By Steve Rizer
What are the realistic chances that the new Alliance Commission on National Energy Efficiency Policy (ACNEEP) plan for doubling U.S. energy productivity by 2030 will be implemented? Despite recent successes in getting energy-efficiency policies passed into law, advocates may find it difficult -- if not impossible -- to get the blue-ribbon commission’s ambitious blueprint for change fully carried out, given the sheer number of steps that would need to be taken by so many diverse groups.
The highly publicized “Energy 2030” plan, released earlier this month, contains at least 45 specific recommendations for improving energy efficiency across the country and relies upon Congress; the U.S. Department of Energy (DOE); U.S. Environmental Protection Agency (EPA); U.S. Department of Housing and Urban Development (HUD); the White House Office of Management and Budget; American Society of Heating, Refrigerating, and Air-Conditioning Engineers (ASHRAE); International Code Council (ICC); state and local governments; public utility commissions; and others to do their part in implementing it. Will all of the players cooperate?
Here are five of the recommendations that ACNEEP made:
- States and local governments should work with utilities, the private sector, and the federal government to establish effective energy-efficiency financing mechanisms for residential and commercial buildings (including loans, leases, energy services agreements, and power purchase agreements). Repayment on utility bills or property tax bills can reduce risk by encouraging timely payment and by allowing an obligation to stay with the building when it is sold. (Of course administrative costs and any impacts on payment of the bills would need to be addressed.) Such financing mechanisms may include the following: on-bill repayment programs administered by utilities but with capital provided by third parties, including banks and other investors; on-bill finance programs with capital provided by utilities from ratepayer or shareholder funds; and property assessed clean energy financing with repayment on property tax bills. The capital is usually obtained by local or state governments issuing bonds for residential buildings and by third parties working directly with the building owner for commercial buildings.

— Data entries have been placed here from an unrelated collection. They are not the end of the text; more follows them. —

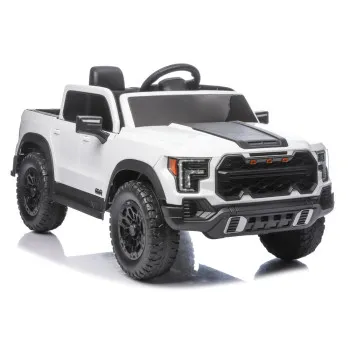 Akumulatora darbināms balts 4x4 automobilis P4 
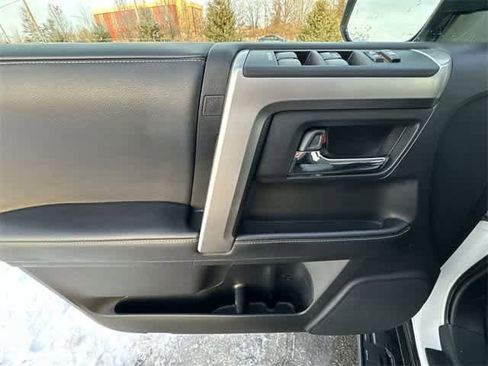 Used 2021 Toyota 4Runner SR5 Premium image 18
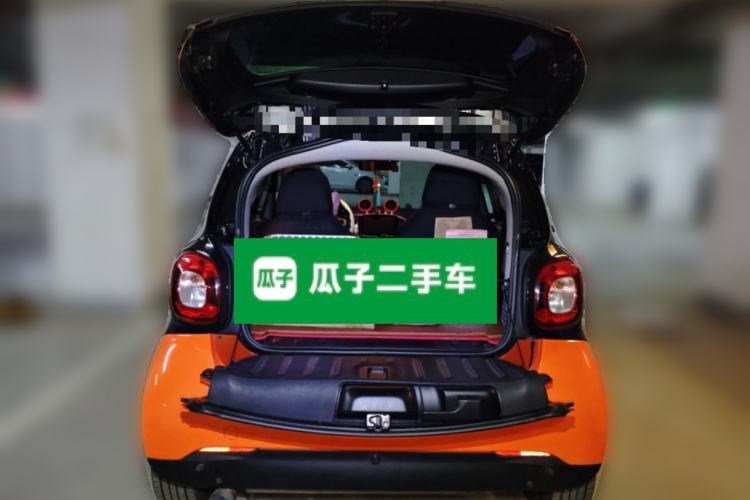 Used smart fortwo 2015 1.0L 52 kW Hardtop Passion Edition Trunk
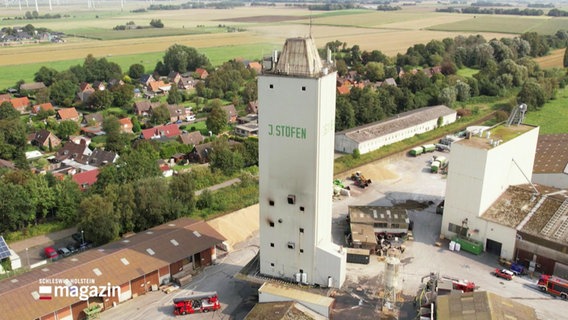Das Getreidesilo in Wesselburen aus der Luft betrachtet. © Screenshot 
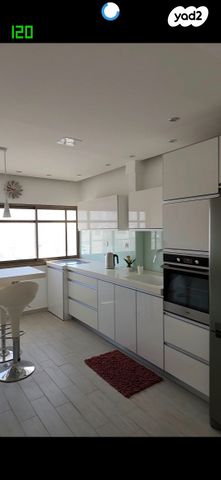 דירה, ירושלים 74, לב העיר, בת ים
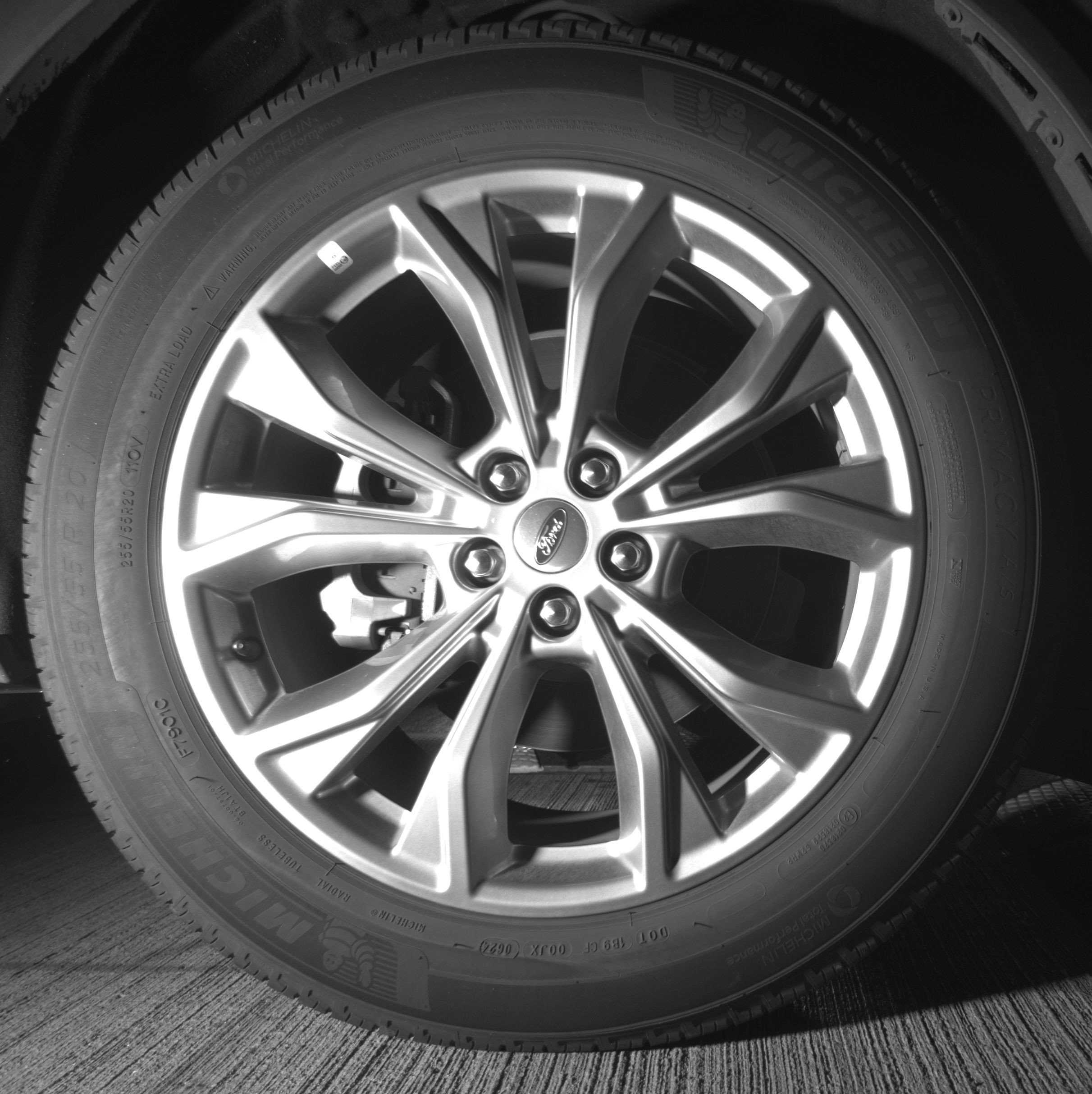 Used 2024 Ford Explorer Limited image 13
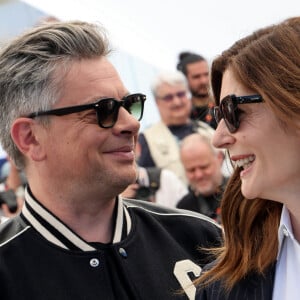 Benjamin Biolay et Chiara Mastroianni - Photocall du film "Marcello Mio" (Compétition) lors du 77ème Festival International du Film de Cannes (14 - 25 mai 2024), le 22 mai 2024. © Jacovides / Moreau / Bestimage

- Congress should increase support for energy-efficiency demonstration, deployment, and technical assistance at DOE, EPA, and other agencies (from Building America to Industrial Assessment Centers to Energy Star to weatherization of low-income homes). DOE should maintain a balanced portfolio of research and deployment programs.
- HUD should quickly update efficiency requirements for new homes with federally subsidized loans and for public housing, and DOE should quickly update the requirements for federal buildings, based on the most recent model codes.
- DOE and EPA should engage a stakeholder coalition to develop model building energy ratings, benchmarks, and disclosure methods for commercial buildings and for residential buildings that are based on the best existing systems and practices, user friendly, adjusted to climate regions, and universally available. The coalition should consider inclusion of location efficiency information. DOE should ratify the ratings/benchmarks/disclosure developed by the stakeholders as the national models and ensure that needed comparative data are available and up-to-date.
- ICC and ASHRAE, with DOE support, should build on recent 30 percent energy savings and steadily increase the energy efficiency of their model building energy codes and standards. The updates should continue to be cost effective, stakeholder driven, and fuel and technology neutral.
Upon release of the report, Alliance to Save Energy President Kateri Callahan expressed optimism about the proposal’s fate. “I am confident that the commission’s recommendations will resonate and be implemented broadly because of the wide range of disciplines, expertise, backgrounds and political views of the commission and our Board of Directors. They stressed the need for government -- at all levels -- to engage, collaborate, and partner with the private sector and consumers in order to achieve the goal of Energy 2030. We believe we are putting forward this agenda at exactly the right time. There is new receptivity everywhere I look to energy efficiency as an economic boost that can earn bipartisan support. I see it in public interest by House Energy and Power Subcommittee [Chairperson] Ed Whitfield (R-Ky.), in Senate Energy Committee Ranking Member Lisa Murkowski’s (R-Alaska) new energy plan, and, of course, in Sens. Jeanne Shaheen (D-N.H.) and Rob Portman’s (R-Ohio) work to introduce a new version of their efficiency bill. And I see it in new programs and ideas in states and communities around the country.”
Callahan added that her organization “will be conducting a massive advocacy effort at the federal and grass-roots levels to ensure that these policy recommendations are embraced and implemented in communities and states nationwide.”
Release of the plan came a few weeks after energy-efficiency advocates scored a major victory via passage of the American Energy Manufacturing Technical Corrections bill (H.R. 6582) into law (ConstructionPro Week, Dec. 21, 2012, “Energy-Efficiency Advocates Praise Passage of Legislation but Want Additional Action”).